- **PROBLEM STATEMENT**
Your answer should be an exact copy of the lines from the one holding "TODDLER POLLEY II Kalp Desenli Patent Leather Ayakkabı TODDLER" to the end of the material below, pictures left out.
START DATASET ENTRIES
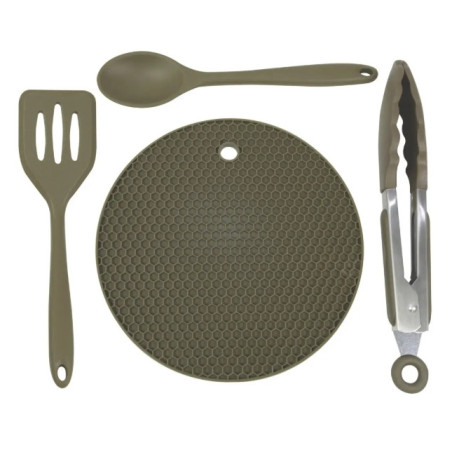 Zestaw kuchenny Trakker Armolife Silicone Utensil Set Zestaw kuchenny Trakker Armolife Silicone Utensil Set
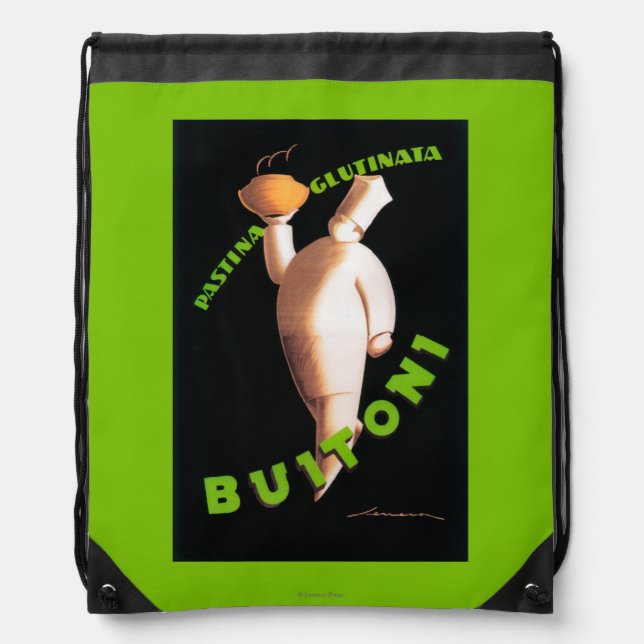 Buitoni Pasta Promotional Poster Drawstring Bag (Front)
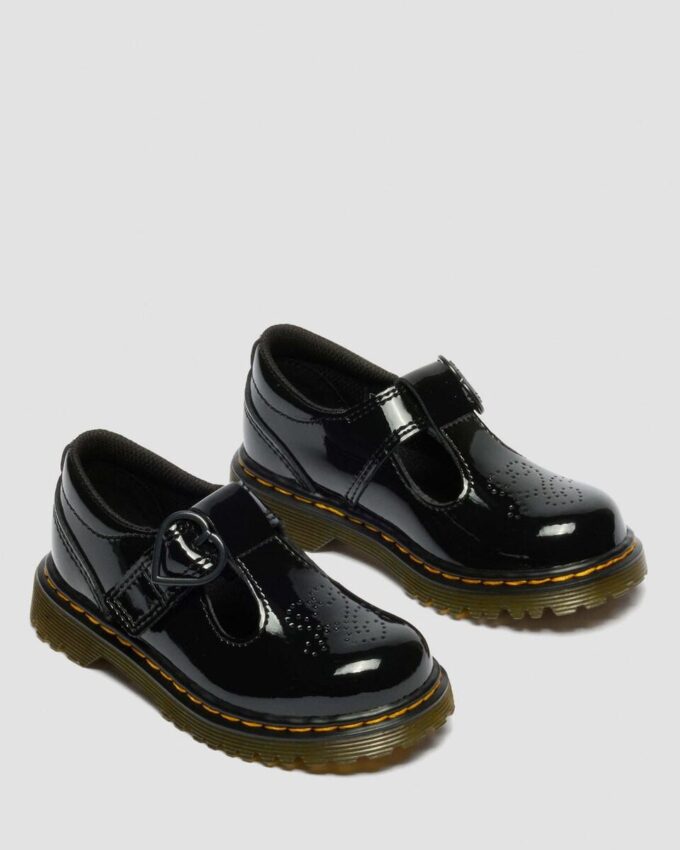 TODDLER POLLEY II Kalp Desenli Patent Leather Ayakkabı TODDLER POLLEY II Kalp Desenli Patent Leather Ayakkabı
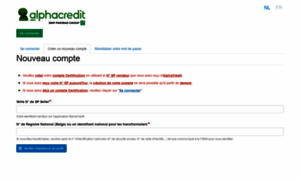 Alphacredit-certification.be thumbnail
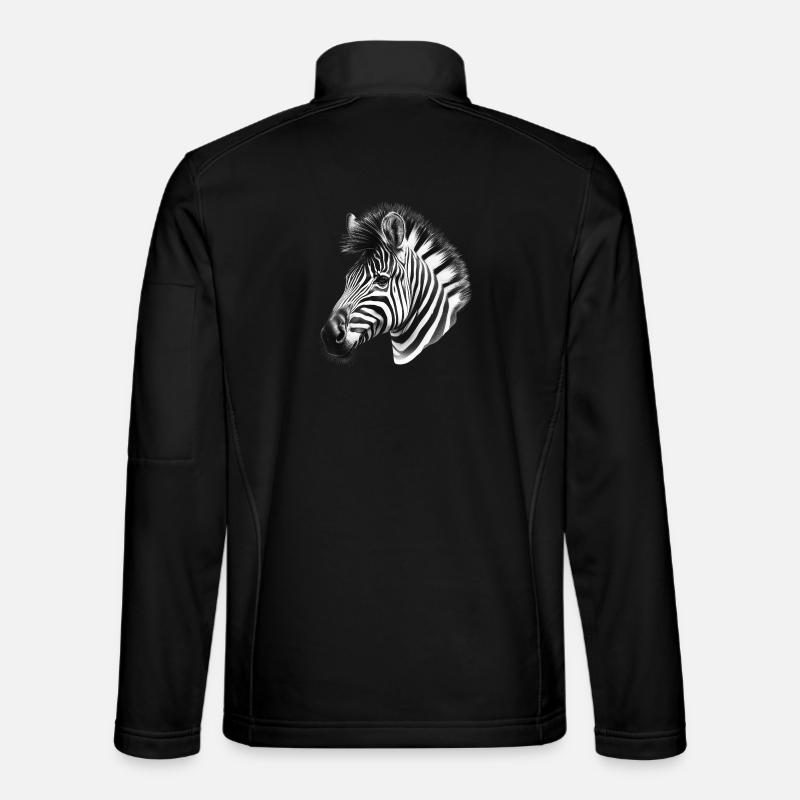 Zebra - Unisex Softshelljacke - Schwarz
END DATASET ENTRIES
- **YOUR RESPONSE**
 TODDLER POLLEY II Kalp Desenli Patent Leather Ayakkabı TODDLER POLLEY II Kalp Desenli Patent Leather Ayakkabı
 Alphacredit-certification.be thumbnail
 Zebra - Unisex Softshelljacke - Schwarz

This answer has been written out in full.